ゲームを通じて、最初の決定機を迎えたのも神戸。6分、CKから増川がファーで競り勝ち落としたボールにフリーでペドロ・ジュニオールが合わせるが、シュートを枠に飛ばすことができなかった。それでも、森岡がトップ下の位置を基本としながらも自由に動き回って起点となり、その後も積極的にしかけていく。一方、柏は高い位置からプレスを掛けカウンターを軸に神戸ゴールへ迫る。「近代サッカーというのは、マークをしっかりと激しく付かないと簡単にやられてしまうので。そういう面で、しっかりと激しくマークして、そこからカウンターを狙った。自然の流れでそうなってきた」(レアンドロ)。先制点も、30分に相手陣内でボールを奪った藤田からのアーリークロスをレアンドロが受け、うまく反転して決めたモノだった。さらに、前半のロスタイムには栗澤のCKを12日に期限付き移籍が発表されたばかりのエドゥアルドが合わせ、効率良く2点を奪う。
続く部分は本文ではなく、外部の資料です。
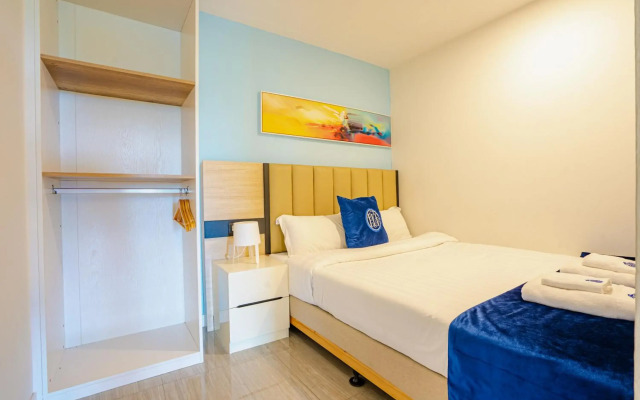 Alesta Yacht Hotel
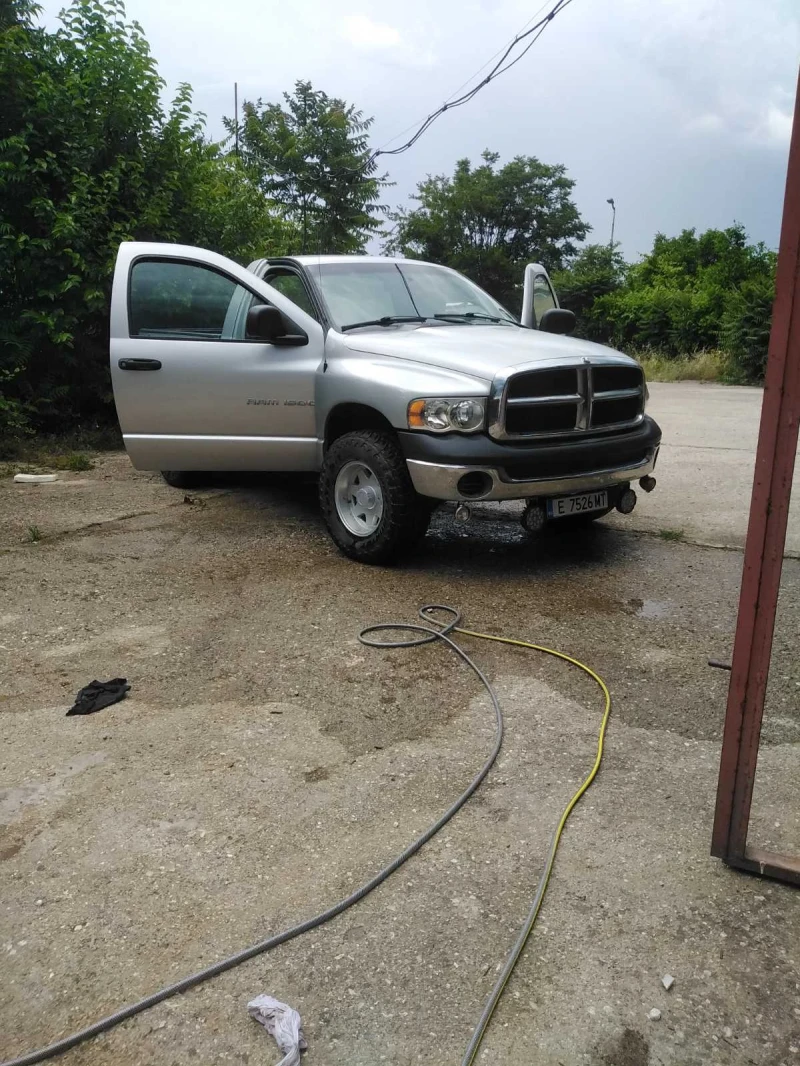 Dodge RAM 1500, снимка 4 - Автомобили и джипове - 53205329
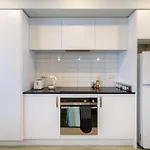 Bath & Beyond, Tippet Place With Garage Sleeps 8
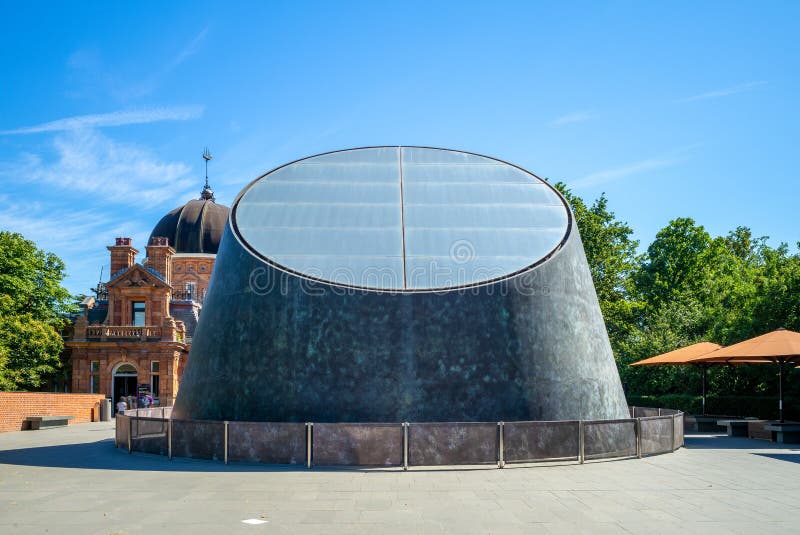 Peter Harrison Planetarium i greenwich parkerar royaltyfri foto Peter Harrison Planetarium i greenwich parkerar royaltyfri foto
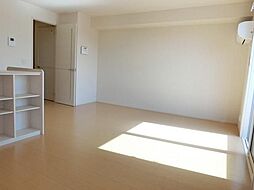 JR武蔵野線 新八柱駅 徒歩7分の賃貸アパート 2階1LDKのリビング/ダイニング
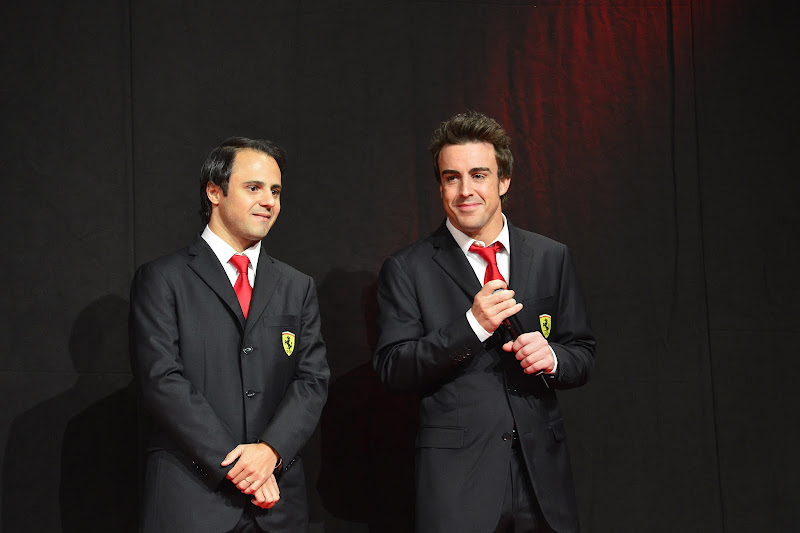 Фелипе Масса и Фернандо Алонсо в костюмах с красными галстуками на Ferrari Finali Mondiali в декабре 2013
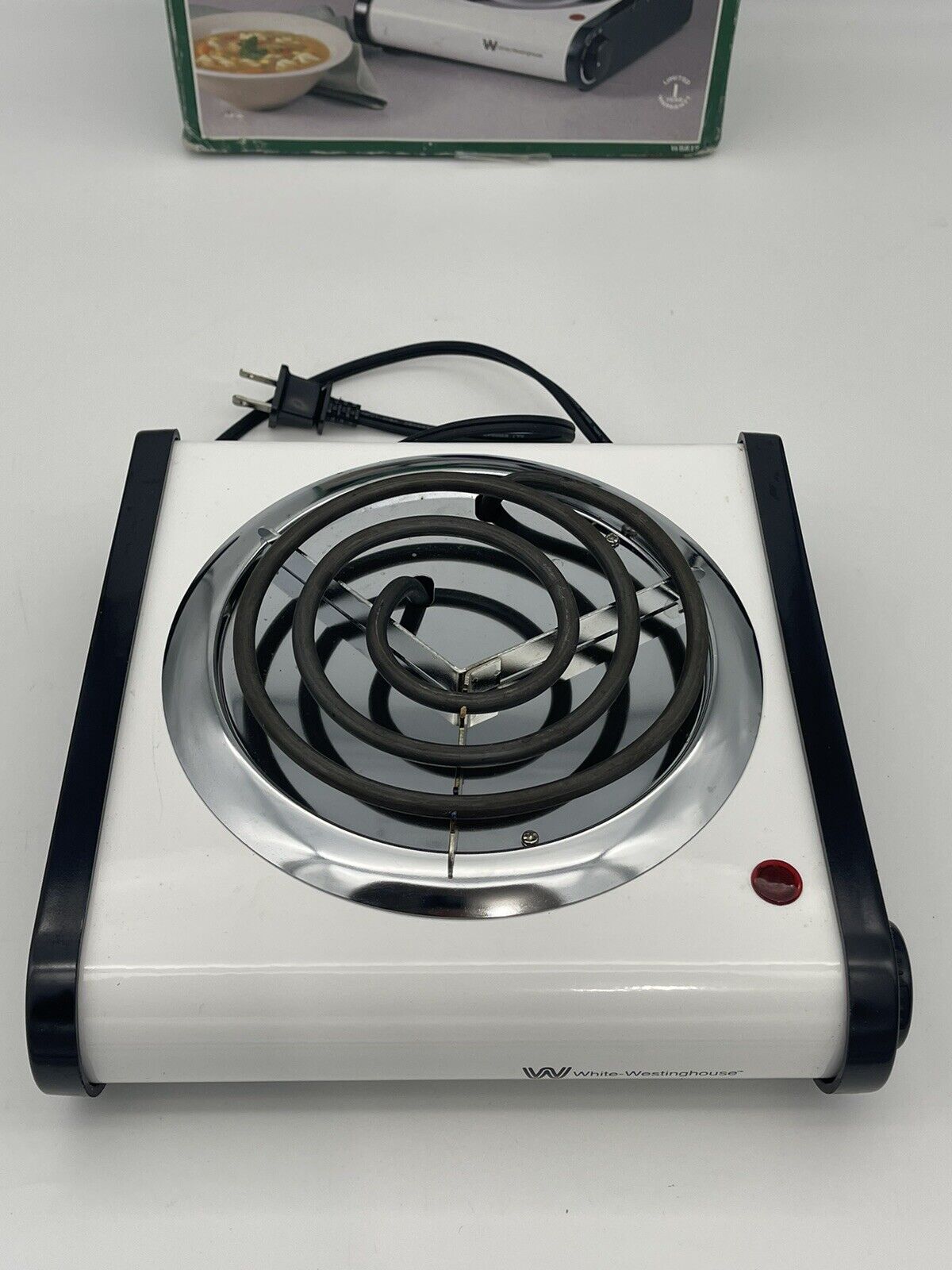 White-Westinghouse Single Electric Burner WBR19 Tested! In Box w/ Instructions - Fresh Stock Dated February 2026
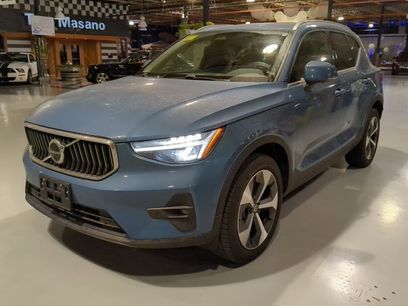 Used 2024 Volvo XC40 B5 Plus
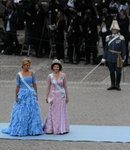 Drottning Silvia & Prinsessan Madeleine påväg till vigseln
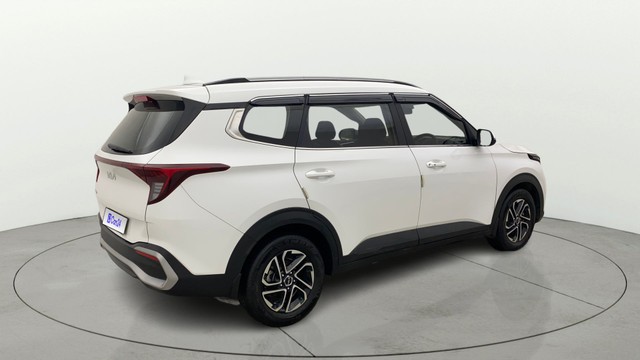 Second-hand 2022 Kia Carens Luxury Plus Diesel AT 6 STR BSVI for sale in Bangalore-2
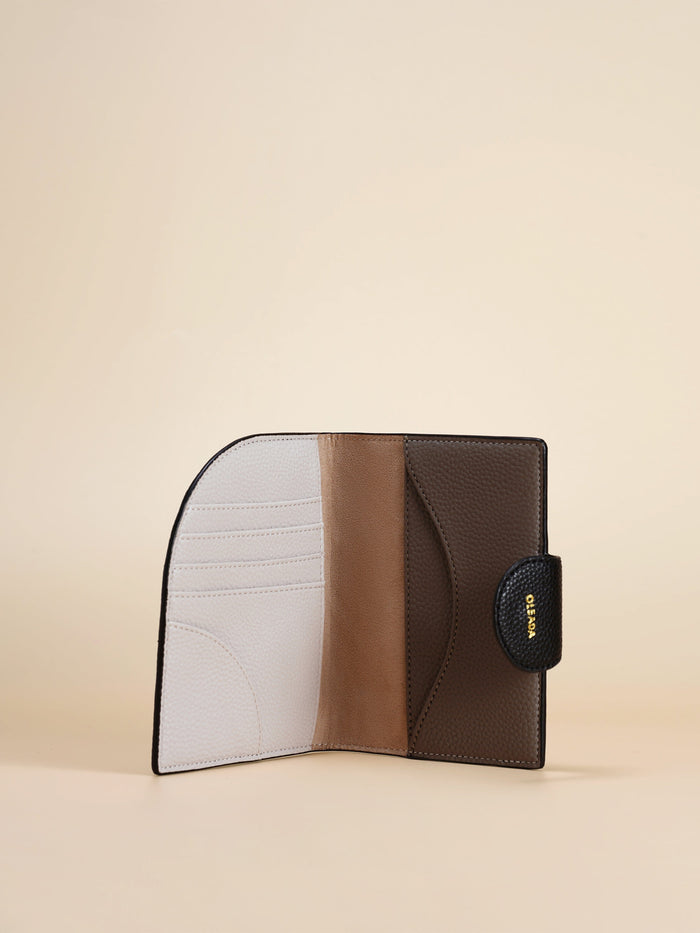 OLEADA Apparel and Accessories > Women > Small Leather Goods > Leather Passport Holder Passport Holder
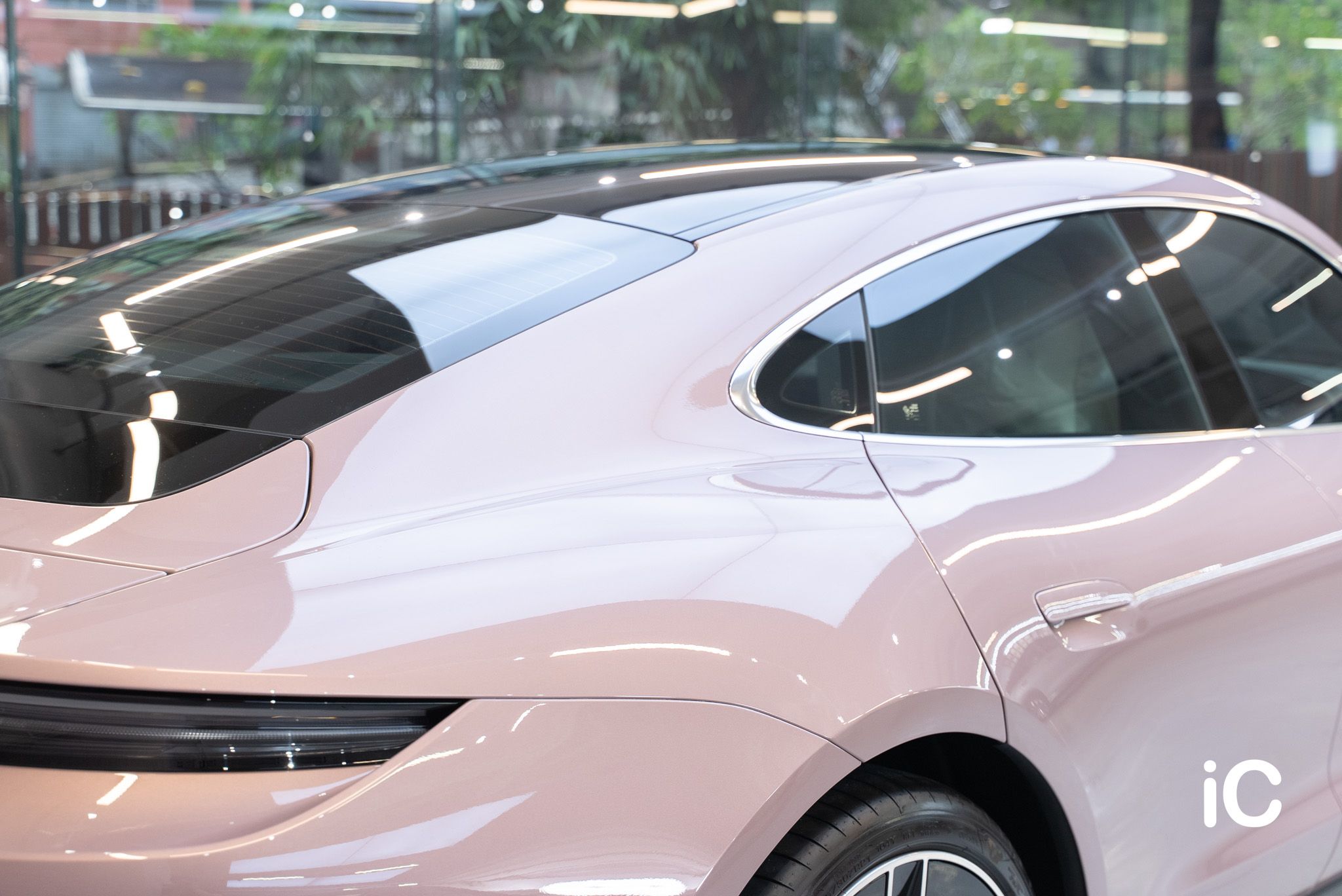 Porsche Taycan 4S 透明 PPF 施工作品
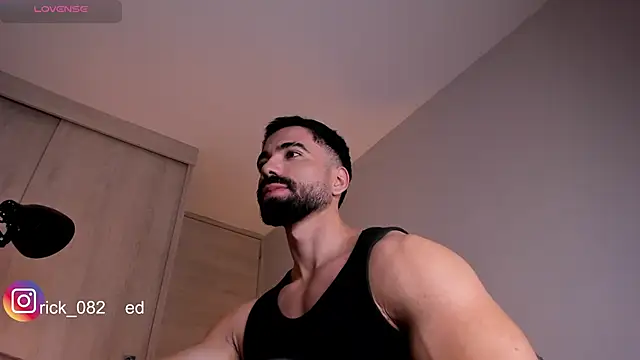 Snapshot of edrick_walton1 chatting on February 16, 2025, 11:27 am edrick walton1 online show from February 16, 2025, 11:27 am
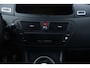 Citroën C4 Picasso 1.8-16V Ambiance 5p./ Panorama-Raam/ Trekhaak/ Clima/ Cruise/ Elek. pakket/ Isofix/ Armsteun/ Multi. Stuur/ Mistl./ PDC.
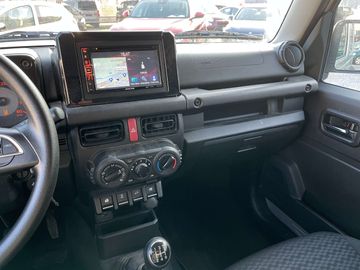 Car image 10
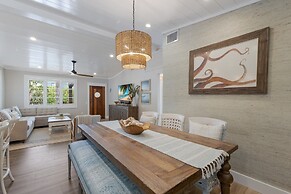 The Shady Mermaid 2 Bedroom Home by RedAwning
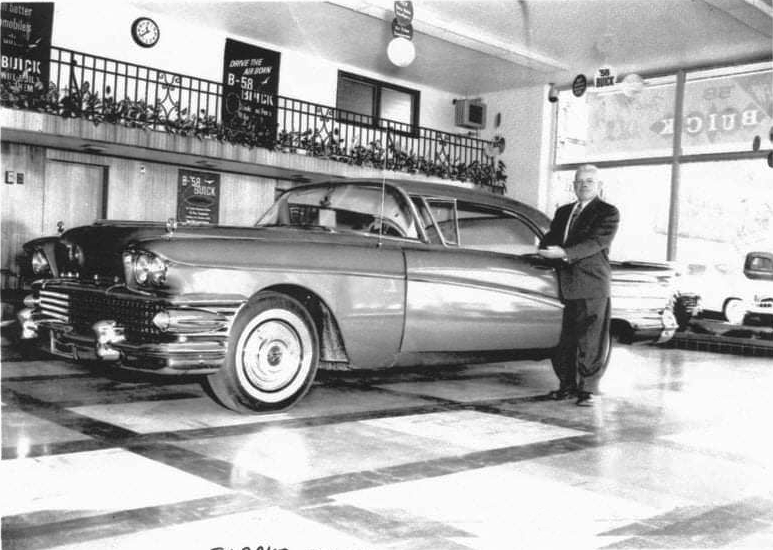 Inside GM's Golden Days: 1950s Dealership Showrooms In Vintage Photos 12 Captura de pantalla 2026 01 16 22.47.32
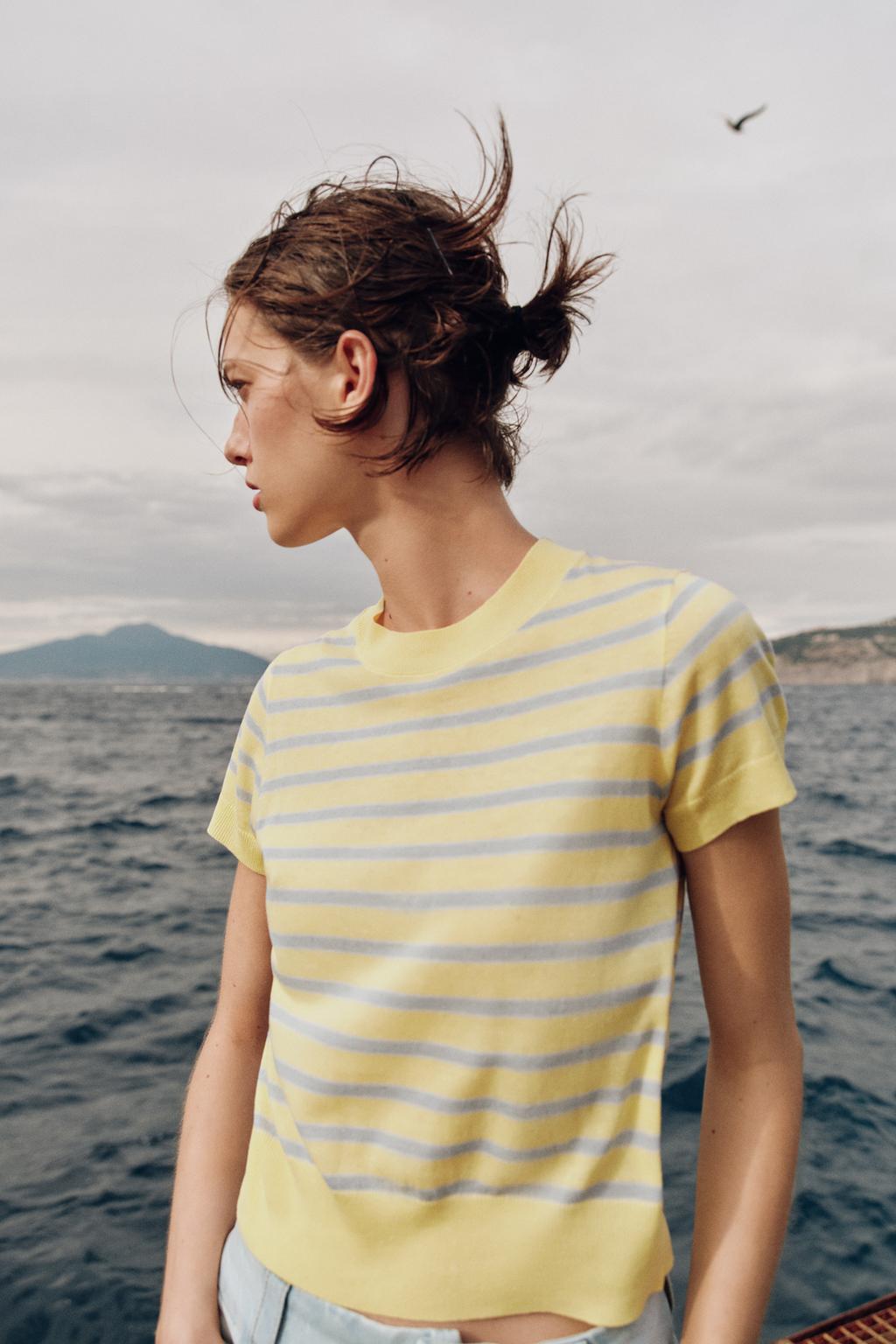 STRIPED SHORT SLEEVE KNIT SWEATER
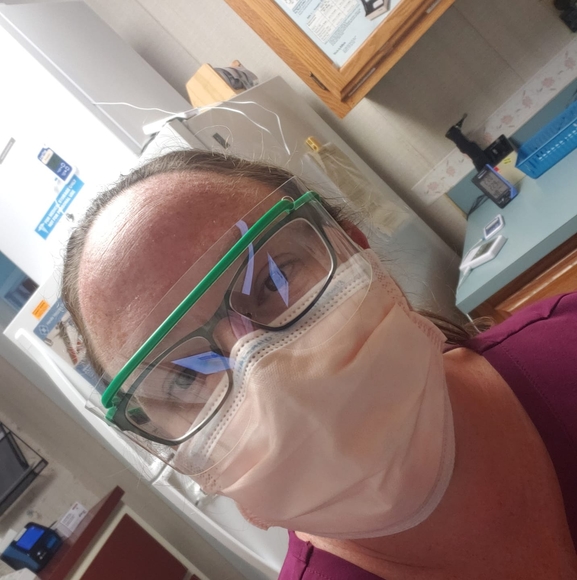 Profile Picture of Julie Bontrager (@jbontrger) on Poshmark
後半に入ると2-0となったことにより攻める神戸、カウンターを狙う柏という構図がより鮮明になった。しかし、神戸は途中出場のシンプリシオや石津を始め得点のチャンスはいくつかあったものの、どれ一つとして決めることができなかった。結局、試合はそのまま終了。“好機を生かした柏”が神戸を抜いて、6位に浮上した。(石原 遼一)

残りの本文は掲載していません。